Ele ergueu as sobrancelhas, com um toque de irritação no rosto. Lee-yeon, ouvindo seu resmungo, virou a cabeça para olhar.

Ela observou enquanto um sedã impecável parava suavemente.


Seu telefone começou a tocar novamente. A porta traseira se abriu, revelando em sucessão os sapatos pretos como azeviche, o terno caro e os óculos de armação prateada de ninguém menos que Kwon Ki-seok. Ele estava segurando o telefone no ouvido e olhando diretamente para Lee-yeon.

“…”

“…”

Era a primeira vez que ela o via desde aquela noite, dois anos atrás. Riiiing, riiing. Sua coxa doía enquanto seu telefone vibrava violentamente no bolso.

Lee-yeon se viu encolhendo. Ki-seok a examinou sem expressão antes de fazer um grande show ao encerrar a ligação.

“Se não vai atender, então entre.”

Ele acenou em direção ao carro. Talvez fosse um caso de vitimismo, mas ela juraria ter ouvido as palavras: “Enquanto estou pedindo educadamente”.

“Senhor, eu tenho que—”

Choo-ja, que estava trabalhando nos planos do poço, interrompeu com uma cara séria: “Quem é aquele?”

“O irmão mais velho de Chae-woo”, Lee-yeon sussurrou.

Choo-ja abaixou a aba do boné e, sem mover os lábios, perguntou: “Aquele idiota que te chantageou?”

Quando Lee-yeon assentiu levemente em confirmação, Choo-ja exclamou em espanto: “Ah, meu Deus!
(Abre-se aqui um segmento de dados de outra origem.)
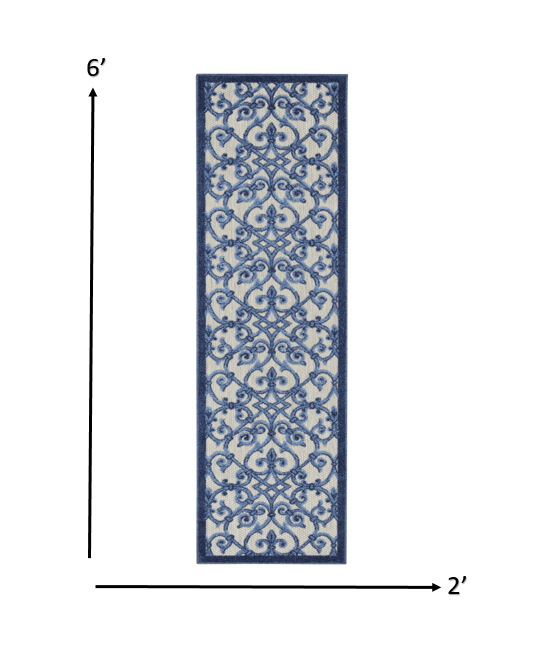 2' X 6' Blue And Gray Floral Indoor Outdoor Area Rug - Homeroots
Essa não é uma dupla de irmãos comum, com certeza.”

“Choo-ja, eu tenho que ir resolver isso. Enquanto eu estiver fora, você pode preparar a injeção no tronco?”

“E se ele tentar te machucar? Deveríamos chamar a polícia.”

“Não adianta.”

“O quê?”

Essa sensação de estar sendo pressionada de todos os lados não era desconhecida. Lee-yeon se moveu em direção ao carro como se estivesse sendo arrastada por alguma força invisível.

***

O interior do carro cheirava vagamente a charutos.

Lee-yeon colocou as mãos firmemente sobre os joelhos. Enquanto Ki-seok se recostava profundamente em seu assento e apertava a ponte do nariz, seus óculos escorregaram um pouco, revelando seu rosto. Lee-yeon virou a cabeça para o lado, como se tivesse visto algo que não deveria.

Sua atitude era tão fria que, se Lee-yeon estivesse literalmente pegando fogo, ele provavelmente nem levantaria um dedo. No entanto, quando ele falou, ficou claro que suas palavras frias e sem emoção eram dirigidas a ela.

“Eu peguei o verdadeiro culpado.”

Seus olhos se arregalaram.

“Você... pegou o verdadeiro culpado?” Lee-yeon o encarou em descrença.

Era algo que ela havia desistido há algum tempo. Alguma parte dela havia desistido de conseguir pegar a pessoa capaz de sequestrá-la sem motivo e até mesmo obter sua assinatura à força. Com o passar dos anos, em algum momento Lee-yeon simplesmente se resignou ao fato de que nunca o encontraria.

Às vezes, a lógica do poder leva a uma miséria não provocada. Lee-yeon acreditava que simplesmente tinha sido vítima dessa miséria. Ela aceitou a situação com Chae-woo como uma espécie de obstáculo ou fardo que carregaria pelo resto de sua vida. Era assim que ela conseguia racionalizar tudo enquanto esperava que ele acordasse.

“Eu tive que me infiltrar e encontrá-lo dentro da gangue dele, então demorei um pouco.”

Ele abriu o console no banco de trás e removeu um arquivo fino contendo a foto do culpado e informações básicas.


Sua memória do incidente de dois anos atrás havia desvanecido um pouco, mas quando viu a foto, ela o reconheceu imediatamente. Era claramente o rosto do homem que Kwon Chae-woo havia tentado enterrar vivo e que acabou atingindo Kwon Chae-woo na cabeça, fazendo com que ele perdesse a memória.

Ela foi tão pega de surpresa por essa reviravolta inesperada que não conseguiu se concentrar o suficiente para compreender o restante das informações no arquivo.

“Agora, você não precisa mais enfrentar a punição por um crime que não cometeu.”

De repente, ela sentiu que algo suspeito estava acontecendo. Lee-yeon conhecia muito bem o quão superficial era sua aparência de cavalheiro.

“De agora em diante, você, So Lee-yeon, está livre.”